Hi Daniel,

As usual with these kinds of changes we start by trying to complete an incomplete/incorrect synchronization pattern and get diverted into changing the synchronization pattern. :) The latter of course has more risk than the former.

Making everything synchronized has the benefit that we don't need to analyse the "real" methods to check what would happen if one of these data values changed mid-method. Might be harmless, might not. Atomicity makes things easy to reason about.

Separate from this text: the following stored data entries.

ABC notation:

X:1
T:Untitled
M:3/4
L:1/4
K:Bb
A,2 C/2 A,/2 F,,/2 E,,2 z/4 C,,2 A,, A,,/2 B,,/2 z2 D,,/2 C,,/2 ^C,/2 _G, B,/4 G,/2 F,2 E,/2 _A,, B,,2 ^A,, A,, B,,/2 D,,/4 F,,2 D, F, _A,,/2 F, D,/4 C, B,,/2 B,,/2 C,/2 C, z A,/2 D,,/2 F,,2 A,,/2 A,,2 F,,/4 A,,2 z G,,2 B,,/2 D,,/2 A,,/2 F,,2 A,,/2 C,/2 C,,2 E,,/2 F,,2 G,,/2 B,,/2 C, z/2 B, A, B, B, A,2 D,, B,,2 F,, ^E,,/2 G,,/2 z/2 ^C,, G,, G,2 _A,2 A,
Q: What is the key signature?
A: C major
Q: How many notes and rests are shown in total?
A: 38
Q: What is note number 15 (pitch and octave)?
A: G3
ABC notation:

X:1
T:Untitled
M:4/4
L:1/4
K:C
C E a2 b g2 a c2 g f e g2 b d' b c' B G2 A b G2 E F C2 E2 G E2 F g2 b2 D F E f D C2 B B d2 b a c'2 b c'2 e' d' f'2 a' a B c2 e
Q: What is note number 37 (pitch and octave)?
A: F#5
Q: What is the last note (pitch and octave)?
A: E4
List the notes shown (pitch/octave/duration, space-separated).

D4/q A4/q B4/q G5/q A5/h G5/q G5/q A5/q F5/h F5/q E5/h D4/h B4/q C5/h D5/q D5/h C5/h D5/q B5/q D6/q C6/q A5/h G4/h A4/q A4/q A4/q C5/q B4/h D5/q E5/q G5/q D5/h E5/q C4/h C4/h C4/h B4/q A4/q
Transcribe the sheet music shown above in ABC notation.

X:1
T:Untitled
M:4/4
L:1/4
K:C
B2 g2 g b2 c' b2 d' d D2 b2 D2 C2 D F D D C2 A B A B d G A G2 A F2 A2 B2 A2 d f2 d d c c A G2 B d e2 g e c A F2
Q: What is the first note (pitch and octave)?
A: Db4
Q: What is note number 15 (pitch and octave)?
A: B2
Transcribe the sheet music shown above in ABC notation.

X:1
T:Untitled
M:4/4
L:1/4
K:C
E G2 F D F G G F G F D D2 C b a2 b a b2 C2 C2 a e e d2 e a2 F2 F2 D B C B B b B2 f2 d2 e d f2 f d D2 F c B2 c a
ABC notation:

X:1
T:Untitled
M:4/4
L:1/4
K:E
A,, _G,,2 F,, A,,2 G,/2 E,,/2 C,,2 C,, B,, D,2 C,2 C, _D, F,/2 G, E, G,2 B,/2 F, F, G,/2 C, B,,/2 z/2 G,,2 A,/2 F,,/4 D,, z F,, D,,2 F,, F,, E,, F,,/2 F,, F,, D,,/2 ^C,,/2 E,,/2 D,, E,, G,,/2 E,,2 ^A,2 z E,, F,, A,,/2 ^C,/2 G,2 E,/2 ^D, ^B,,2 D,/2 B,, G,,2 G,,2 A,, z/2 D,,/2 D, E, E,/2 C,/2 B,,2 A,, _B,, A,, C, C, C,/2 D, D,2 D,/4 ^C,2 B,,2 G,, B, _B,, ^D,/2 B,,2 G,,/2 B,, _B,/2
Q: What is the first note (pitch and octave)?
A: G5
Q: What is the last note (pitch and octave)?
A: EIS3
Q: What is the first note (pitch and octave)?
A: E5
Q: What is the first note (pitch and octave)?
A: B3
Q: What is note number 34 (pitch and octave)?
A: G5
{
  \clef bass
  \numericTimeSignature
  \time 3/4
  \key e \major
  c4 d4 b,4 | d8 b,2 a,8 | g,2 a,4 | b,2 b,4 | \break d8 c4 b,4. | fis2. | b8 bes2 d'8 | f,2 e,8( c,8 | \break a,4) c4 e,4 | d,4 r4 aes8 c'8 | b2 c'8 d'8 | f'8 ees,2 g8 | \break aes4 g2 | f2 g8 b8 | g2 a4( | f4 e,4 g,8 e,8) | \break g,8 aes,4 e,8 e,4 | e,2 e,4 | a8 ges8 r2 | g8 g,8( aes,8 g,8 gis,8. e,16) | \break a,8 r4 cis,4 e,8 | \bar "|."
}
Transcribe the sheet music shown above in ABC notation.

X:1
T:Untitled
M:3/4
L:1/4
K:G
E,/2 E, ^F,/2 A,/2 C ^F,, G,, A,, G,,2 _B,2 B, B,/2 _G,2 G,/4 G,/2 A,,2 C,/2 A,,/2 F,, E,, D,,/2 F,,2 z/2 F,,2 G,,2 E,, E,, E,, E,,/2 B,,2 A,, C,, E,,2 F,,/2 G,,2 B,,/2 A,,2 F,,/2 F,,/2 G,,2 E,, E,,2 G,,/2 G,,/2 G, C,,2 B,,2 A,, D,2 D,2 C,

Making the fields volatile and un-sync'ing the getters is a potential optimization for readers. But are these fields that are read frequently by multiple threads? The downside of doing so is a negative performance impact inside the "real" methods where every volatile field access requires (platform-dependent) memory barriers.

David

On 30/08/2013 5:54 AM, Daniel Fuchs wrote:
On 8/29/13 9:45 PM, Mandy Chung wrote:
On 8/29/13 11:04 AM, Daniel Fuchs wrote:
On 8/29/13 7:58 PM, Mandy Chung wrote:
On 8/29/13 9:46 AM, Daniel Fuchs wrote:
Here is the new webrev implementing Jason's suggestion.
Compared to previous webrev only Handler.java & StreamHandler.java
have changed.

<http://cr.openjdk.java.net/~dfuchs/webrev_6823527/webrev.01/>


Looks good.  I also agree that making those fields to be volatile is a
good suggestion and only requires writer to acquire the lock.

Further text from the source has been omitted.